In the material below, the line holding "this 1568×741 image." and every line after it should be reproduced exactly, please, with pictures omitted.

___ Task inputs ___

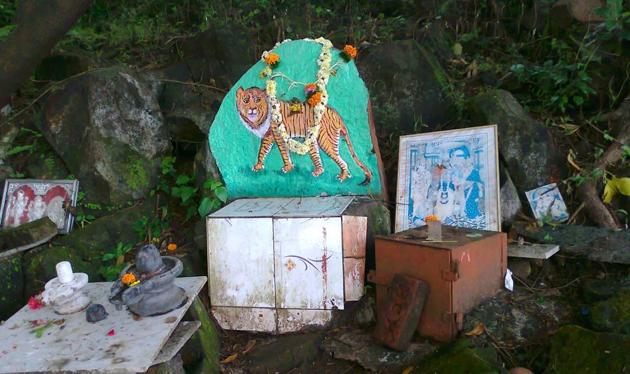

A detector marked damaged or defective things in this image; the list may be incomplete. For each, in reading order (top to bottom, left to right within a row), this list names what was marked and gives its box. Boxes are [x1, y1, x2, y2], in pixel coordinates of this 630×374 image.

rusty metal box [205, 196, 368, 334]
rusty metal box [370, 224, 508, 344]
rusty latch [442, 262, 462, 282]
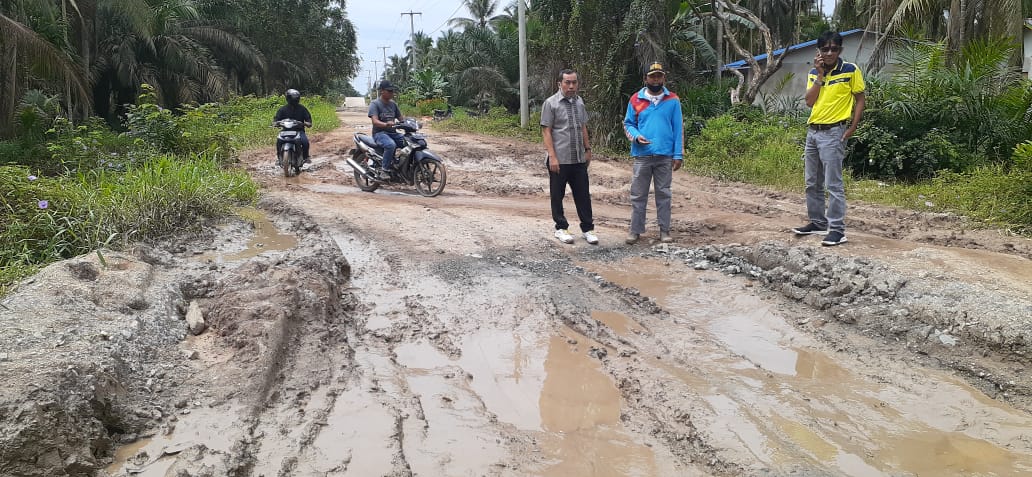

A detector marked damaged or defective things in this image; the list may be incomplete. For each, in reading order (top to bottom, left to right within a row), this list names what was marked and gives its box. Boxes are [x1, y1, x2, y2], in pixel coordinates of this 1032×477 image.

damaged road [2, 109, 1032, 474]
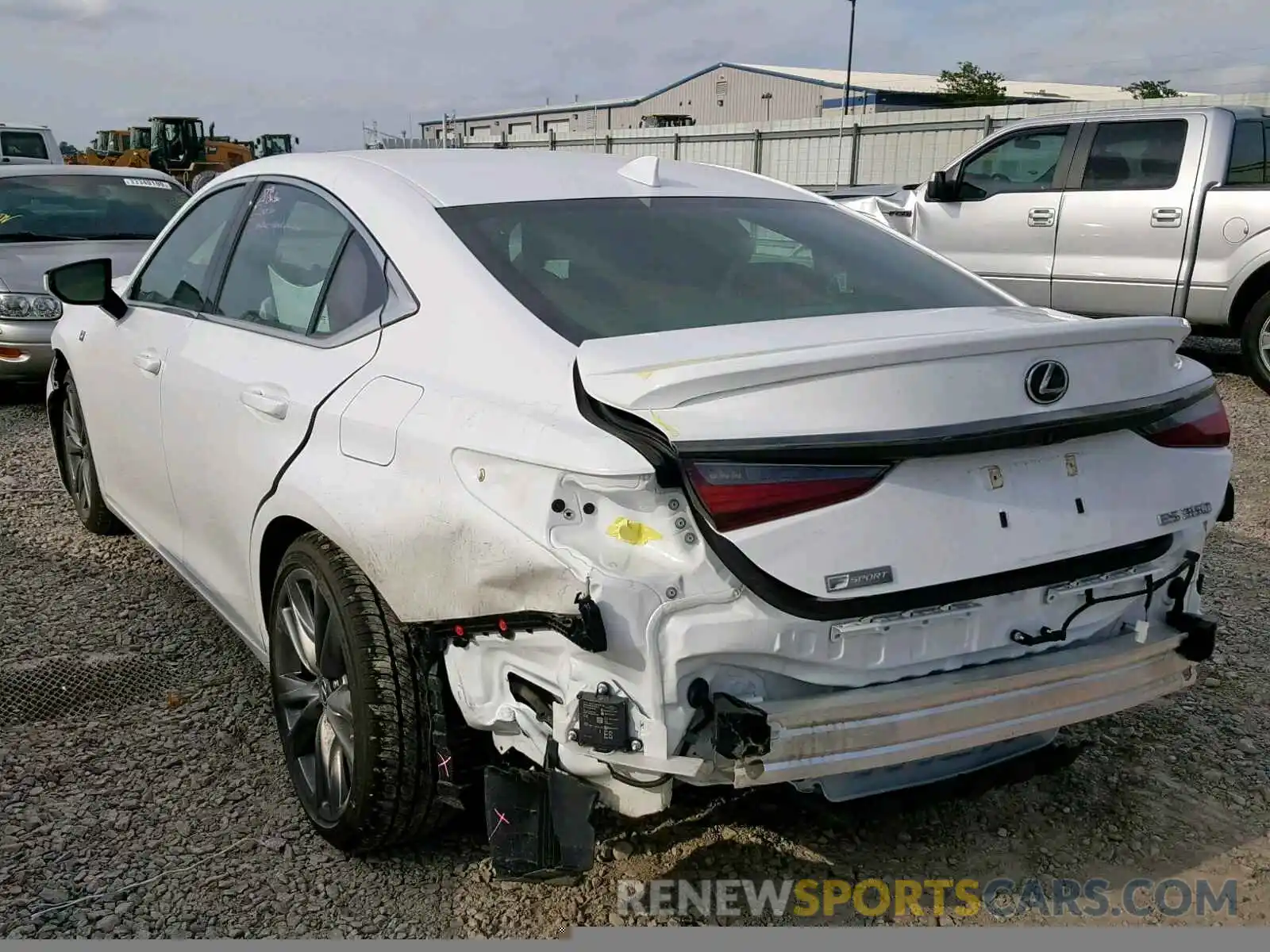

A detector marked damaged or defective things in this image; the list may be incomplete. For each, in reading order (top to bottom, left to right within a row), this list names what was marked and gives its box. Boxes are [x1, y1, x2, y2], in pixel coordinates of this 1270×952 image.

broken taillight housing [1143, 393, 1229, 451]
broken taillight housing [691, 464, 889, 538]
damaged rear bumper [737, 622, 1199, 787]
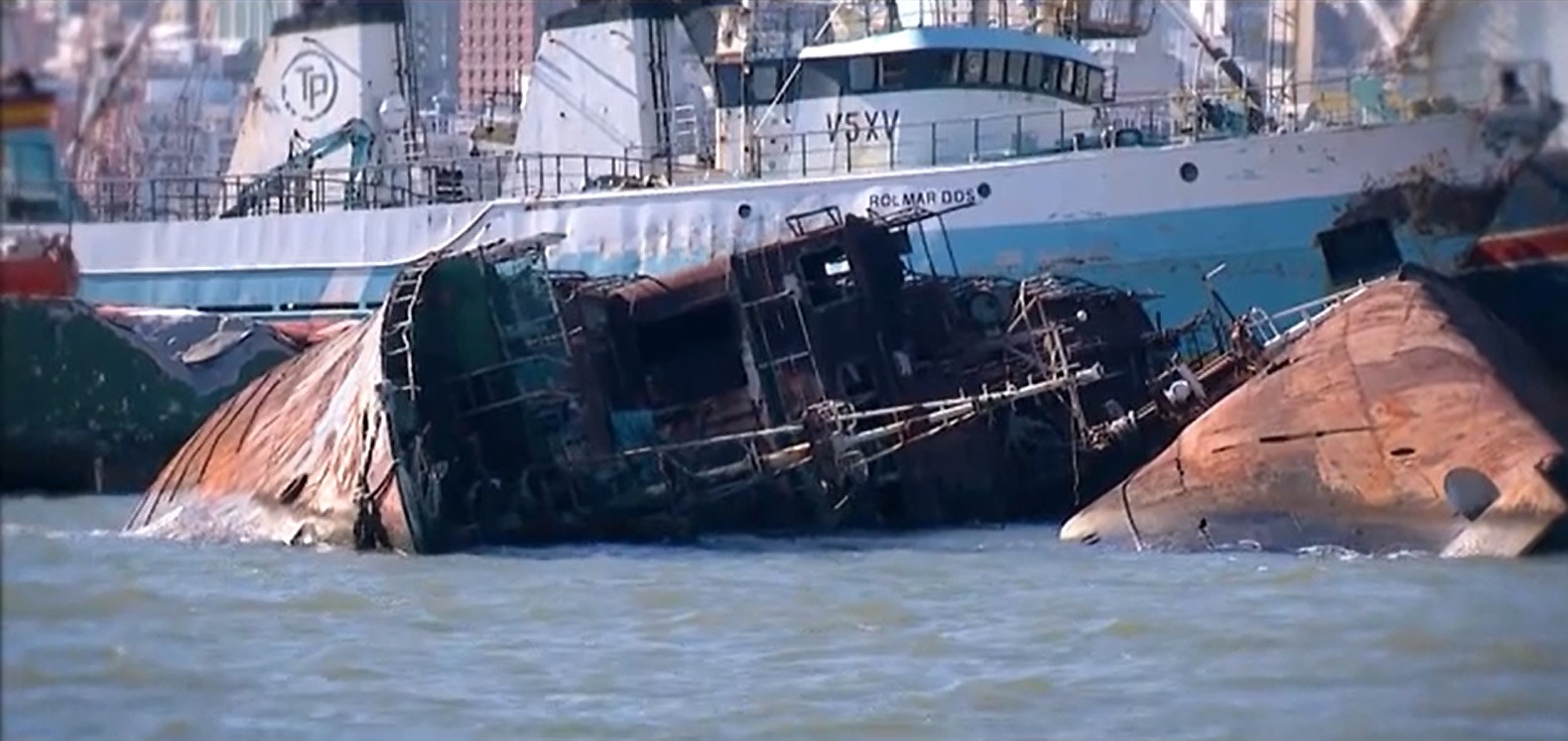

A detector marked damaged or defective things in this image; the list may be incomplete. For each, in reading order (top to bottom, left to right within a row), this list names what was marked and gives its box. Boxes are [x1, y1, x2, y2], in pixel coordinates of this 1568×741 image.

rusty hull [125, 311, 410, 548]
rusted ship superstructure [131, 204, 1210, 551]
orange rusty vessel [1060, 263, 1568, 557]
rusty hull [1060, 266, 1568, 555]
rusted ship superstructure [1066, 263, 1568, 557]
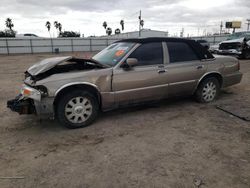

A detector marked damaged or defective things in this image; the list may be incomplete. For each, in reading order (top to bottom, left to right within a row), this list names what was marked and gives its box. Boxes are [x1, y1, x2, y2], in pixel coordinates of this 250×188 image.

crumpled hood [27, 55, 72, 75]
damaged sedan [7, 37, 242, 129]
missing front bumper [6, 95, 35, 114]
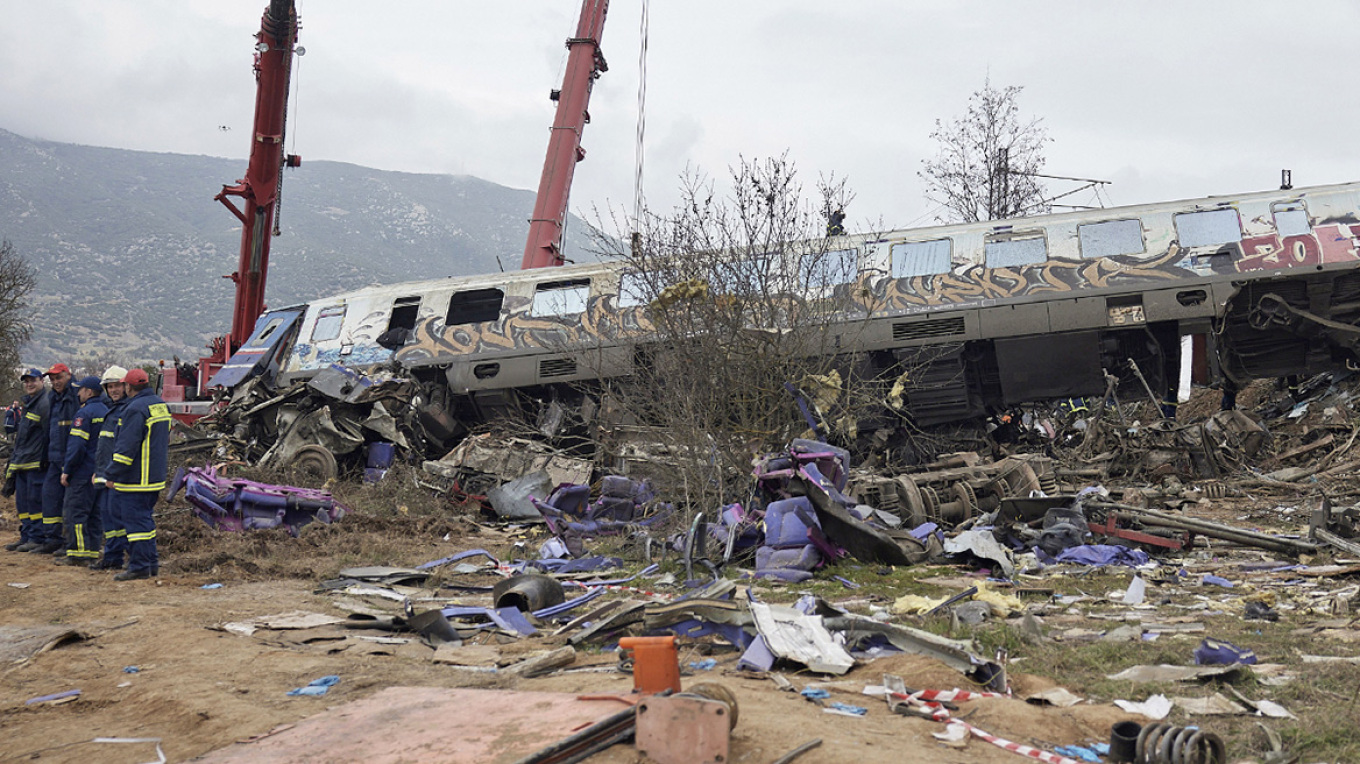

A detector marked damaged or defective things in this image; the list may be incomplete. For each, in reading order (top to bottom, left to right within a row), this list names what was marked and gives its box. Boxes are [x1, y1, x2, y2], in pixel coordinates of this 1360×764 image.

___

* Result:
A detector marked damaged or defective things in this image; the list may be incomplete. For each, in reading order (top to bottom, left to right within a row), this list names what was marked and gives its box. Boxes are [x1, y1, x2, y2], in pixel coordinates of this 1568×741 image.

rusty hull [125, 311, 410, 548]
rusted ship superstructure [131, 204, 1210, 551]
orange rusty vessel [1060, 263, 1568, 557]
rusty hull [1060, 266, 1568, 555]
rusted ship superstructure [1066, 263, 1568, 557]

A detector marked damaged or defective things in this image; the list may be incomplete. For each, in reading order (top to bottom, left to right within a row), this list names what was marked and gives its box. Boxes are [x1, y1, x2, y2], in pixel coordinates of this 250×188 image.

crumpled hood [27, 55, 72, 75]
damaged sedan [7, 37, 242, 129]
missing front bumper [6, 95, 35, 114]

A detector marked damaged or defective things in this image; the list may be incomplete. For each, in reading order (top to bottom, left to right within a row), this list names what was marked and gives its box. Boxes are [x1, y1, x2, y2], in pixel coordinates of this 1360×764 image.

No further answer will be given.